Der Lyraspieler Sokrates Sinopoulos ist vielen als einer der vier Köpfe hinter dem schönen, wenngleich etwas strengen Album Thrace (Sunday Morning Sessions) bekannt. Er ist aber auch seit 2011 Chef eines Quartetts, das mit Eight Winds im Jahre 2015 eine beachtliche Produktion bei ECM abgeliefert hat. Seit geraumer Zeit schreibt Sinopoulos, der in Thessaloniki als Musikdozent arbeitet, seine eigene imaginäre Folklore, in die er die vielen musikalischen Erfahrungen, die er im Laufe seines Lebens gemacht hat, integriert. Bis zur Vollendung gelernt hat er sein Instrument – und übrigens auch die griechische Laute – bei Ross Daly, dessen Gruppe Labyrinthos er im Jahr 1989 beitrat. Gespielt hat er aber auch mit Charles Lloyd, Maria Farantouri, Loreena McKennitt und anderen. Aus der Zeit vor der Hinwendung zu den Eigenkompositionen ist nun eine Live-Einspielung aus dem Tropentheater in Amsterdam von 2010 erschienen, mit Kyriakos Tapakis (Oud), Yann Keerim (Piano) und Dimitris Emmanouli (Schlagwerk). Bei dieser nehmen Sinopoulos und seine Mitmusiker griechische Folklore als Ausgangsmaterial für stimmungsvolle Arrangements und ausgedehnte Improvisationen.
Ines Körver
 STERZINGER – KOEHLDORFER – SCHADEN: Keuschheit und Demut in Zeiten der Cholera
STERZINGER – KOEHLDORFER – SCHADEN
Keuschheit und Demut in Zeiten der Cholera
(Bayla Records), mit dt. Texten.


Nie war er listenreicher, der alte Fuchs Stefan Sterzinger, das Wiener Liedermacherurgestein, als mit seinem aktuellen Album, das mit seiner Absage ans Liebsein in Zeiten des sozialen Heißlaufs sich erst einmal querstellt.
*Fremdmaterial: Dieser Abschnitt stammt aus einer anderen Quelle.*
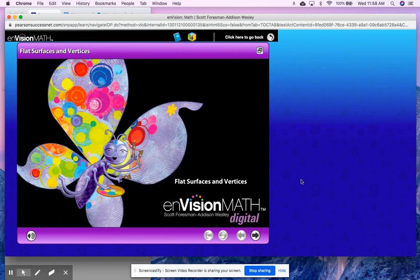Hello boys and girls. Welcome back for another math lesson. Today we're going to continue to explore our solid 3D shapes, but today we're going to learn about what flat surfaces are as well as vertices. Let's get started with our video.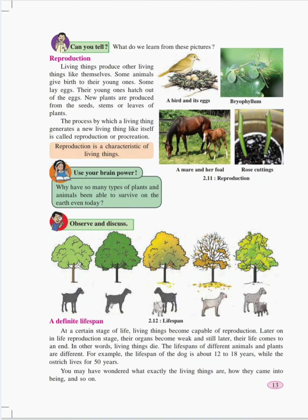Reproduction — when one living organism gives birth to another living organism of its own kind, it is called reproduction. A horse gives birth to a new baby horse. Human beings give birth to a new baby human being. Seeds grow from plants of the same kind — a coconut seed will grow into a coconut plant only, not a banyan plant. A bird hatches eggs that form into the same kind of bird. The process by which a living thing generates a new living thing like itself is called reproduction or procreation. Reproduction is a characteristic of living things.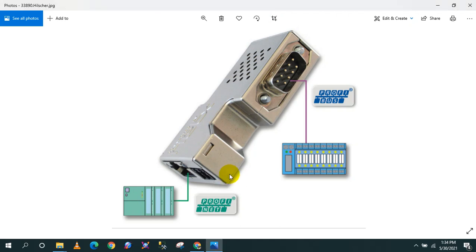Hello, in this tutorial I'm going to teach you how to convert PROFIBUS into PROFINET communication protocol. But first, you need to have the following: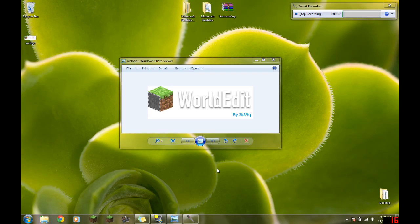Hello everyone, File17 here, and today we are looking at WorldEdit by SK89Q for Bukkit or Single Player.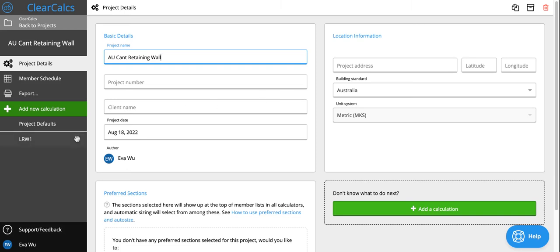Hi, everyone. Today we will be going over a general overview of the Australian Cantilever Retaining Wall Module.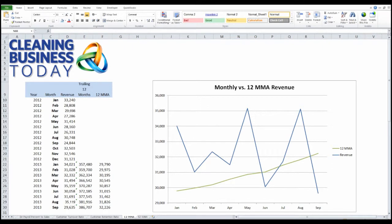Hi, I'm Tom Stewart with Cleaning Business Today. Last month we showed how you can use the 12-month moving average to take seasonality out of your key performance indicators.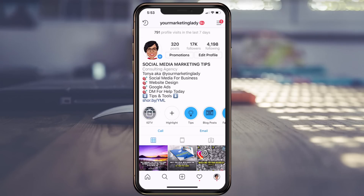Hey, thanks for joining me. Today I'm going to show you how to really quickly change the background color on an Instagram story. Be sure to stick with me to the end because I've got something really special for you — it's a free bonus, so stick with me.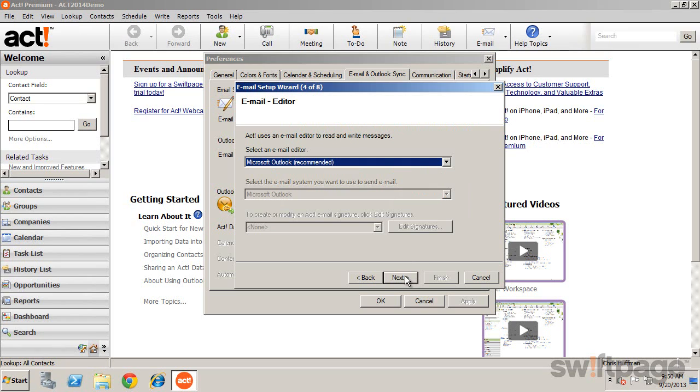Click Next to select your default email editor. Because we're using Outlook to configure our email, it makes sense to use it as our default editor as well.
Anstatt simpler Politspruchblasen gibt es mit dem Sinn für Sprache lautmalerische Vokalspiele, die dem Nonsens auf die Sprünge helfen; banale Liebeslyrik macht Platz für den Eigensinn in der Liebe und verstörende Liebesspiele, die nicht im Ehehandbuch stehen. Wiener Dialekt entzieht sich dem Allgemeinverständlichen, Sprachspiele führen in die Untiefen des menschlichen Verstehens. All das ist möglich im Zusammenspiel des Sängers und Akkordeonisten Sterzinger mit dem akzentuiert und konzentriert spielenden Gitarristen Edi Koehldorfer, dem Bassisten Jörg Schaden und dem versehentlich nicht genannten Schlagzeuger Jörg Mikulla. Musik zum Zuhören in allen Lebenslagen, nicht zum Mitklatschen. Musik zur Kultivierung des Eigensinns und des Muts zum Anderssein. Bravo.
Harald Justin

 THE TANNAHILL WEAVERS: Òrach – The Golden Anniversary Album
THE TANNAHILL WEAVERS
Òrach – The Golden Anniversary Album
(Compass Records)


Fünfzig Jahre! Da waren einige Leser*innen dieser Seiten noch nicht einmal geplant! Und trotzdem zeigt das schottische Quartett keinerlei Altersschwäche. Im Prinzip ist Òrach ein qualitativ starkes Tannahill-Weavers-Album wie jedes andere. Kraftvolle Instrumentals mit Pipes und Fiddle als führenden Instrumenten werden abgelöst von gefühlvollen oder schwungvollen Songs traditionellen oder zeitgenössischen Ursprungs. Aber natürlich haben es sich die Tannies nicht nehmen lassen, dieses außergewöhnliche Jubiläum auch auf Silberling zu feiern. Wie könnte man das besser machen als mit einem tollen Beiheft und vielen der Weggefährten der letzten fünf Dekaden, die sie erneut ins Studio luden, zum Beispiel Dougie MacLean, Ross Kennedy, John Cassidy, Hudson Swan, diverse Piper und die asturische Band Llan de Cubel. Wenn dann noch höchst erfahrene Sessionmusiker wie Aaron Jones ihr Talent einbringen, steht einer tollen Geburtstagsparty nichts mehr im Weg. Und wer mitfeiern will: Im November kommen die Tannahill Weavers für zehn Konzerte nach Deutschland (siehe Serviceseiten in der Heftmitte) – rauschende Stimmung garantiert!
Mike Kamp
 WE BANJO 3: Haven
WE BANJO 3
Haven
(Eigenverlag)


Wir wissen mittlerweile, dass die eingängige, melodiöse Musik des doppelten irischen Brüderpaars keineswegs vom Banjo geprägt ist, auch wenn das Instrument immer präsent ist. Wir wissen auch, dass die Stilistik des dynamischen Akustikquartetts immer zwischen Irland und den USA pendelt und sich ganz dezent gen Amerika neigt. Wir wissen ebenfalls, dass sich die Texte ausnahmslos um Liebe mit den schönen und nicht so schönen Konsequenzen drehen. Und seit dem letzten Album wissen wir, dass We Banjo 3 Gastmusiker eigentlich nicht brauchen, aber problemlos in ihren Sound integrieren können, ohne ihren ureigenen Klang zu verlieren – bis hin zu einer Bläsersektion. Daher wissen wir, dass auf die Musik von We Banjo 3 Verlass ist, was Harmonien und Ohrwurmfaktor angeht. Also wissen wir schlussendlich, dass es eigentlich kein schlechtes We-Banjo-3-Album geben kann. Und das ist in dieser unsicheren Welt gut zu wissen!